On this web page you can investigate the properties of the angles that are formed when a transversal cuts two parallel lines.
Sketch
A transversal intersecting two lines creates eight different angles: four pairs of corresponding angles, two pairs of alternate interior angles, and two pairs of alternate exterior angles. Use this sketch to study the relationships between the angles in each of these pairs. The sketch below shows parallel lines AB and CD with transversal PQ. Drag points A, P, or Q to change the sketch. Press the buttons to get the measures of the angles. Press Start Over at any time to remove the measurements.
Investigate
- When you press Corresponding Angles, you see angles GPA and PQC. What is another pair of corresponding angles?
- GPA and EQD
- BPG and DQP
- BPG and APQ
- Name another pair of alternate interior angles besides APQ and DQP.

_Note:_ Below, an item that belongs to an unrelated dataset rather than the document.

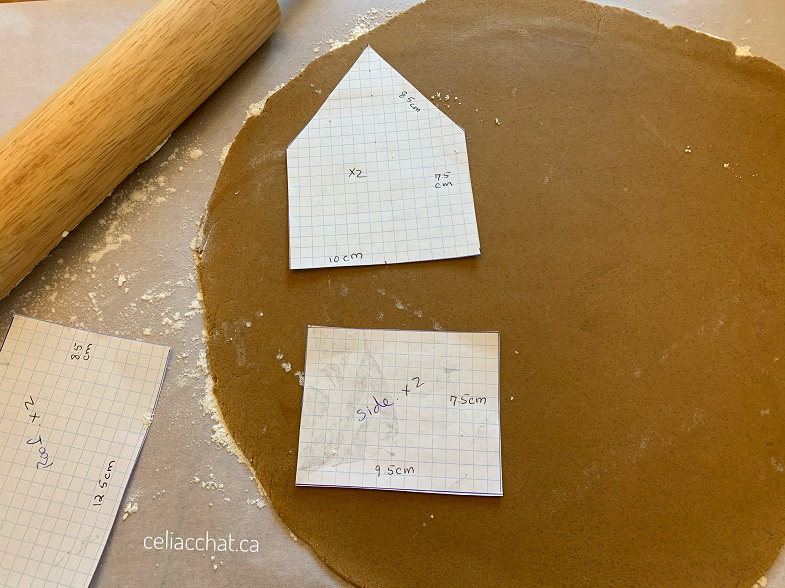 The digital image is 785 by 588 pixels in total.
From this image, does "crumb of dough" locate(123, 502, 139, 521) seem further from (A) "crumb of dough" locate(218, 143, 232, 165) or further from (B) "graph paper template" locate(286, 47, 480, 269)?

- Name all pairs of alternate exterior angles.
- What do you notice about corresponding angles?
- What do you notice about alternate interior angles?
- What do you notice about alternate exterior angles?
- Formulate the Parallel Lines Conjecture: If two parallel lines are cut by a transversal, then corresponding angles are _____, alternate interior angles are _____, and alternate exterior angles are _____.
Sketch
What happens if the lines you start with are not parallel? In the sketch here, transversal PQ cuts lines AB and CD. Drag points A, C, P, or Q to change the sketch. Observe what happens to the angle measures when the lines are not parallel.
Investigate
- Is your conjecture still true when the lines are not parallel?
- Use this sketch to investigate the Converse of the Parallel Lines Conjecture: If two lines are cut by a transversal to form pairs of congruent corresponding angles, congruent alternate interior angles, or congruent alternate exterior angles, then the lines are _____.